AT THIS CONFERENCE, THE GOOD NEWS CAME FIRST . . .
BARCELONA, SPAIN – As attendees depart for far flung corners of the earth, the final sessions of this AIDS vaccine conference addressed the unsettling questions lingering over the results of three halted clinical research trials for which follow up studies continue. These are the questions: As each trial was halted because the product tested was found ineffective, how significant was data showing the product being investigated not only didn’t reduce incidence of HIV among those testing it, but instead appeared to increase the risk? What did that data mean? And what will that data mean in the future, not only for what will be tested, but how trials will be conducted?
While researchers reiterate that no trial that produces information can be called a failure, those questions, surrounding the Step HIV vaccine trial, and the Phamibili HIV vaccine trial, both of which were halted for futility in 2007, as well as the HVTN 505 trial, halted in April, have added to disappointment at the findings of each. The answers to the questions have suggested the one conlcusion that researchers seek to avoid: the disturbing implication that harm was done.
Today researchers discussed the implications of what they had learned so far, with an analysis of data from the three trials together showing an approximately 33 percent greater risk of HIV infection among trial participants given the investigational vaccine product compared to those who received a placebo.
Take away data from the most recent trial, and the increased risk of HIV infection using the product goes up. The HVTN 505 trial used a different approach, but the same means — a common cold-related virus — to introduce the immune-invoking ingredient, and took place solely in the United states. Data that indicated the possibility of an increased risk for those receiving the vaccine compared to those receiving the placebo has since been found statistically insignificant.
That leaves the data from the Step trial which took place at sites in the United States, South America, the Caribbean and Australia, and the Phambili trial which took place in Soweto and Capetown, South Africa. The increased rate of infection was most marked among participants in the Phambili trial.
Of 801 Phambili participants, 100 acquired HIV, 63 among those given the product, and 37 among those given the placebo.The trial stopped administering shots in the wake of futility findings with the suggestion of increased infections in the Step trial, with most of the Phambili participants having received no more than one or two shots. Then, at the request of the data safety monitoring board, participants were informed if they had received product or placebo. While that information was deemed pertinent to participants’ right to know and safety, it also clouded the results that followed as more infections accrued among product receivers than placebo receivers. Did knowing they had taken a product intended to protect them from HIV lead some participants to take more risks than those who knew they had received nothing even intended to have a protective effect? And if so, what could be done differently?

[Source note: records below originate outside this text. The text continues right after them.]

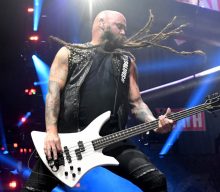 Five Finger Death Punch’s Chris Kael tells artists who threaten to leave America to “stop bullshittin’”
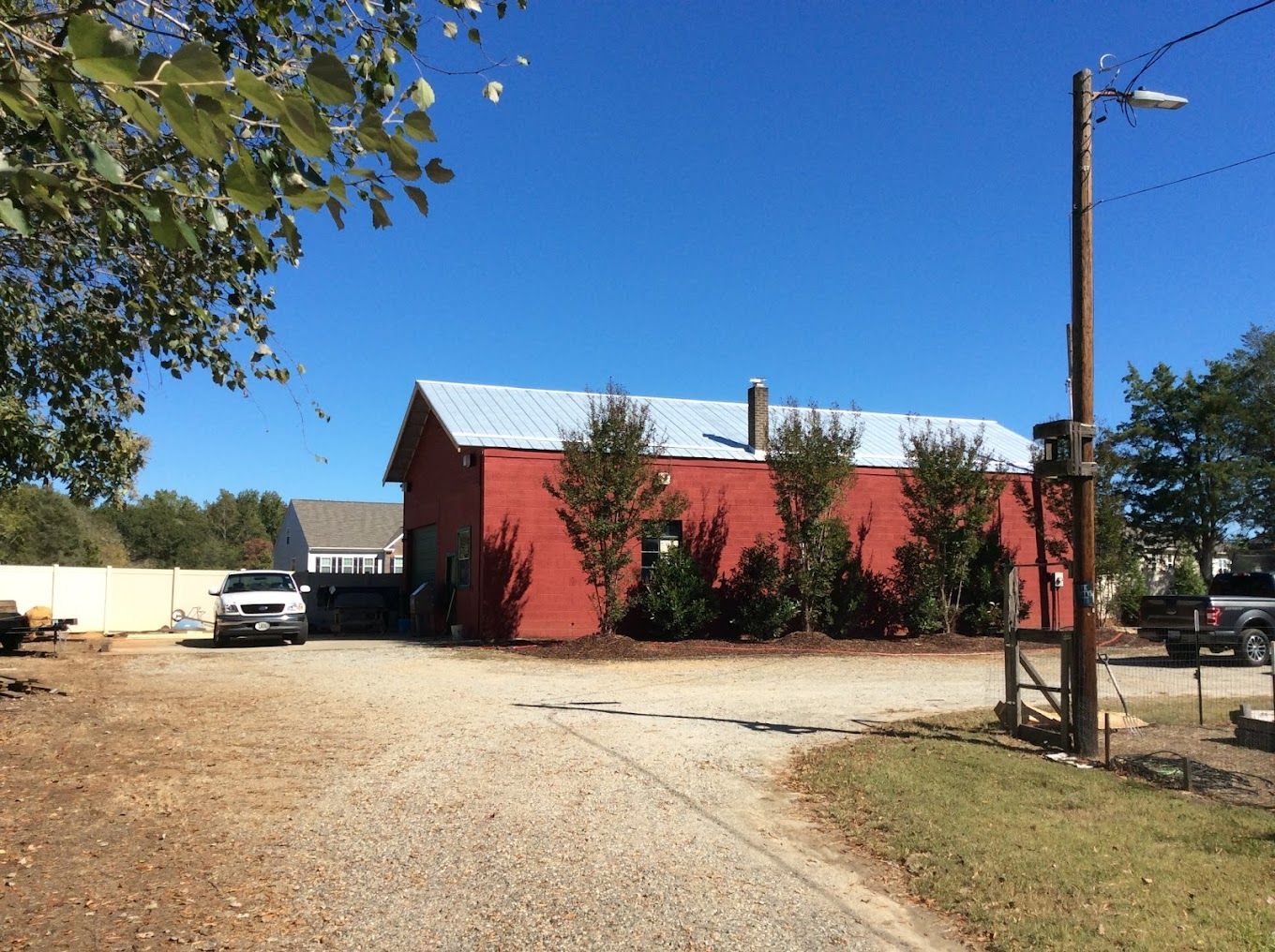 A red barn is sitting in the middle of a dirt road.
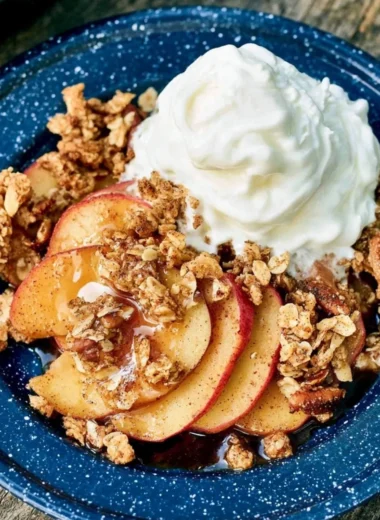 Vegan Campfire Apple Crisp dessert served outdoors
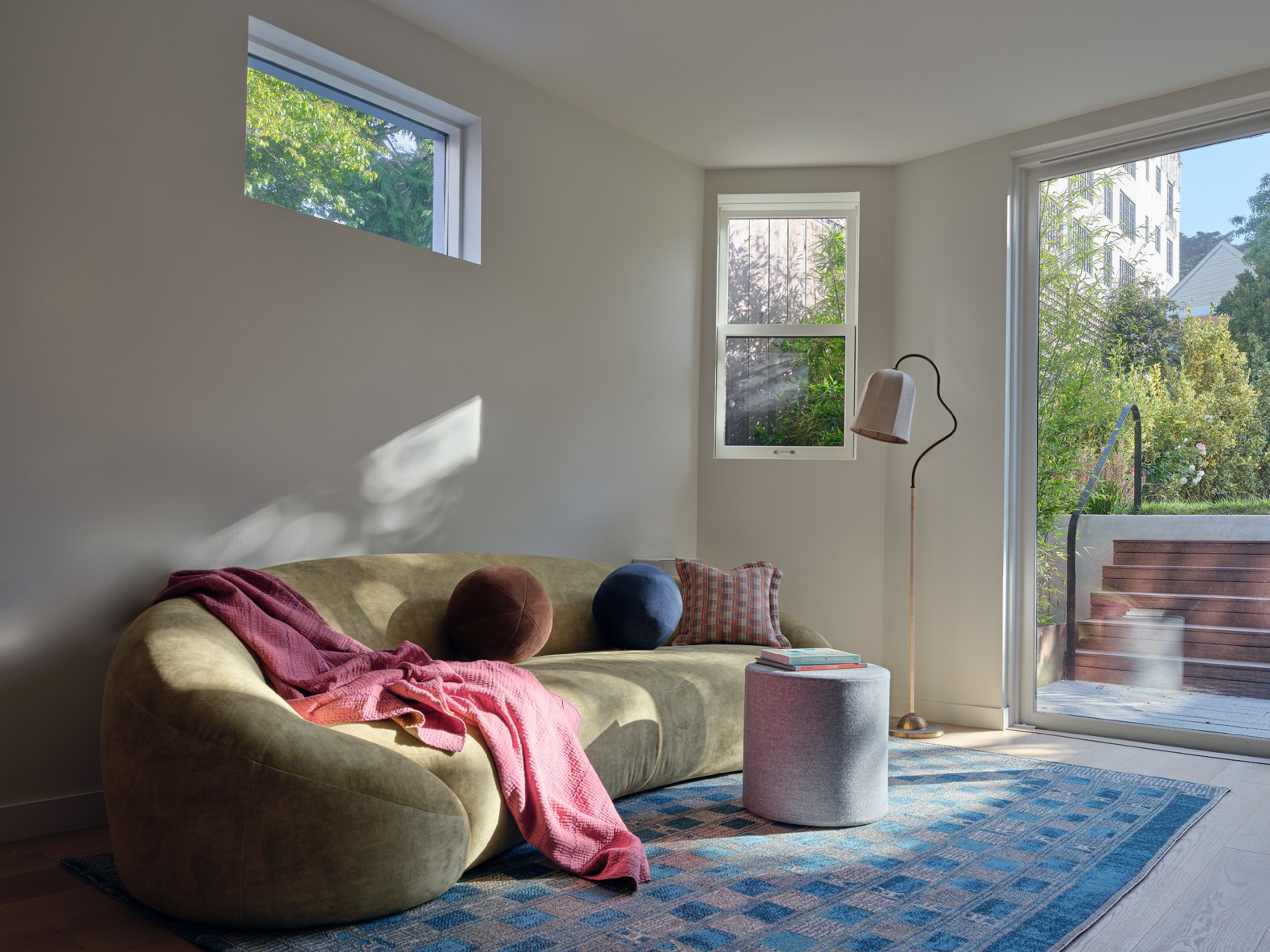A curved olive-green sofa with pillows and a pink throw sits on a blue patterned rug next to a floor lamp and a round ottoman by large windows.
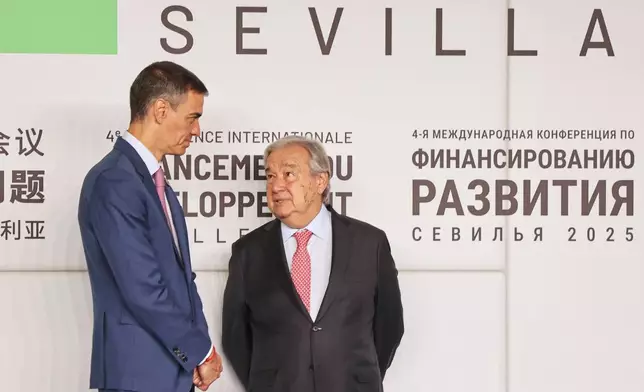 Spain's Prime Minister Pedro Sanchez, left, speaks with Antonio Guterres, Secretary-General of the United Nations, during the four-day Financing for Development meeting in the southern city of Seville, Spain, Monday, June 30, 2025. (AP Photo/Jose Angel Garcia)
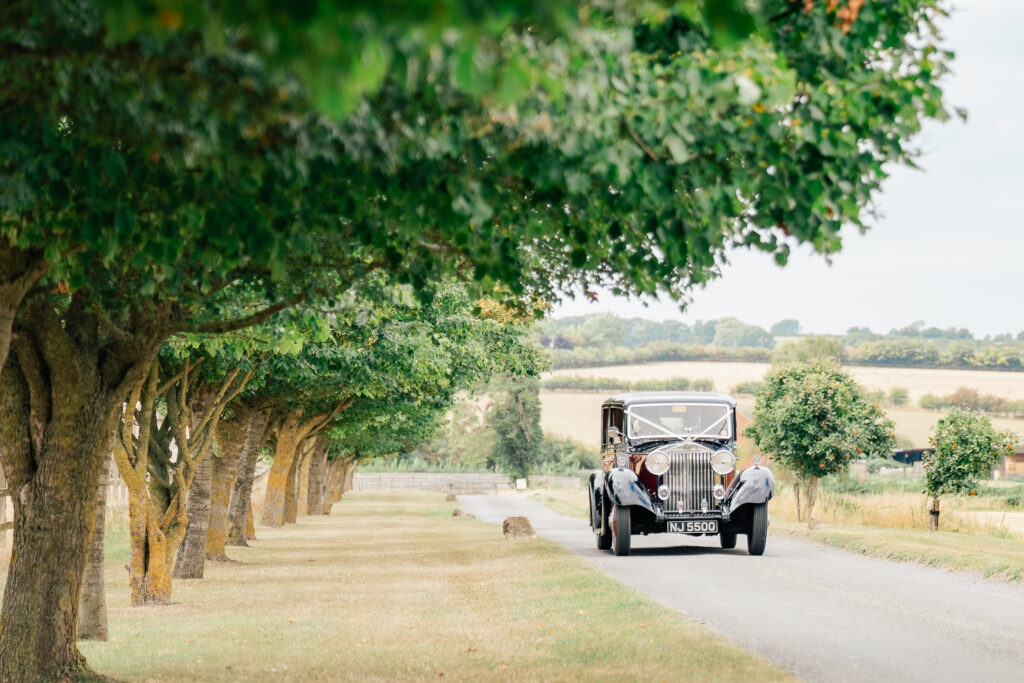 A vintage car drives down a narrow rural road lined with green trees, with open fields and rolling hills in the background under a partly cloudy sky.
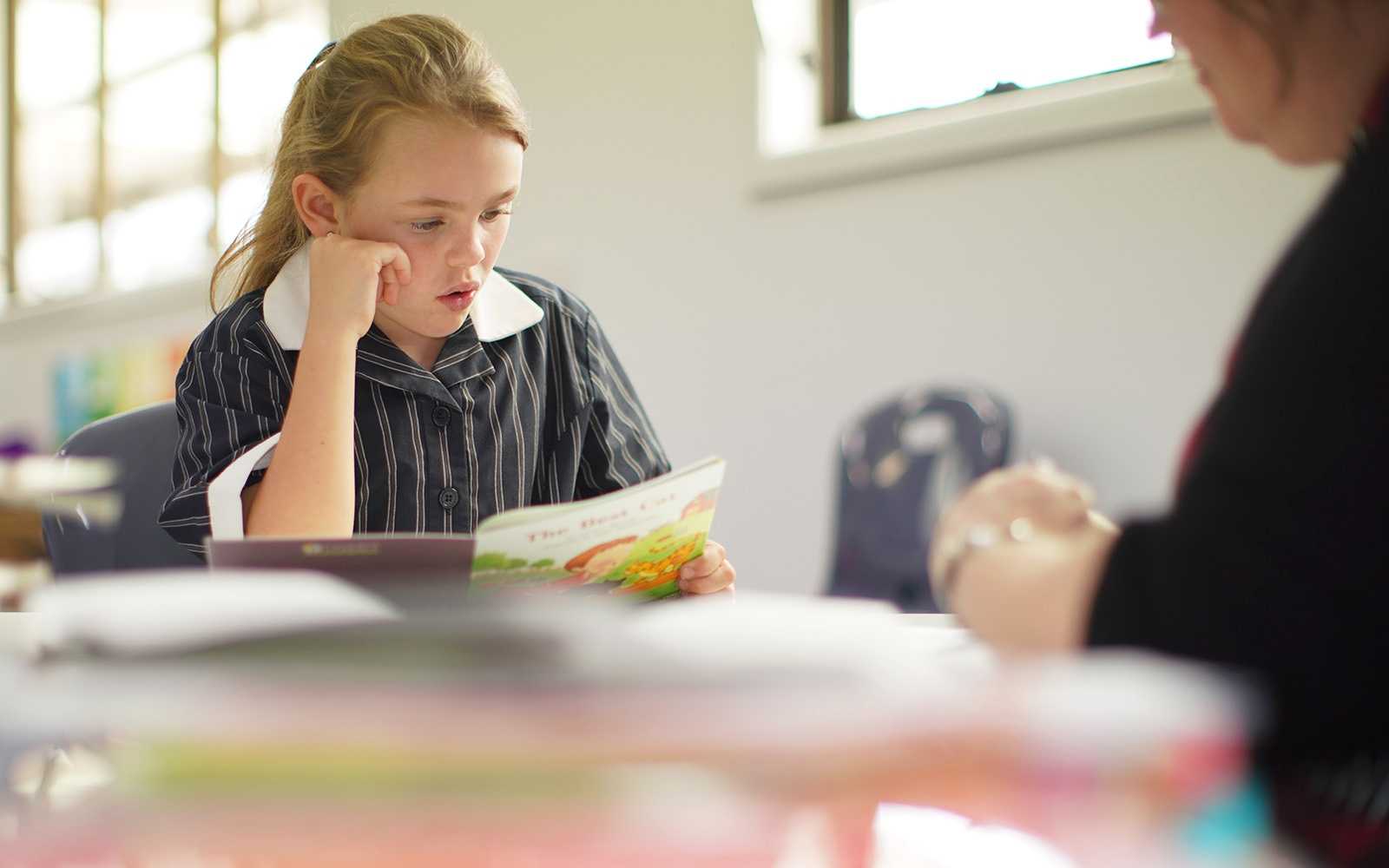 ACC Burnie female student intently reading book in classroom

In answer to the first question, researcher Glenda Gray discussed the “confounding” effect (scientists’ as well as regular peoples’ talk for information that obfuscates efforts to draw a conclusion) of the participants knowledge, after the fact of whether they took a placebo or product. But, when all had been reviewed, she said, the factor driving the difference in HIV infection rates “was, in fact, biological.” The common-cold virus that was used to carry the vaccine product will not be used again, researchers here say with some confidence. And the participants of HVTN 505, as well as of Phambili, will continued to be followed.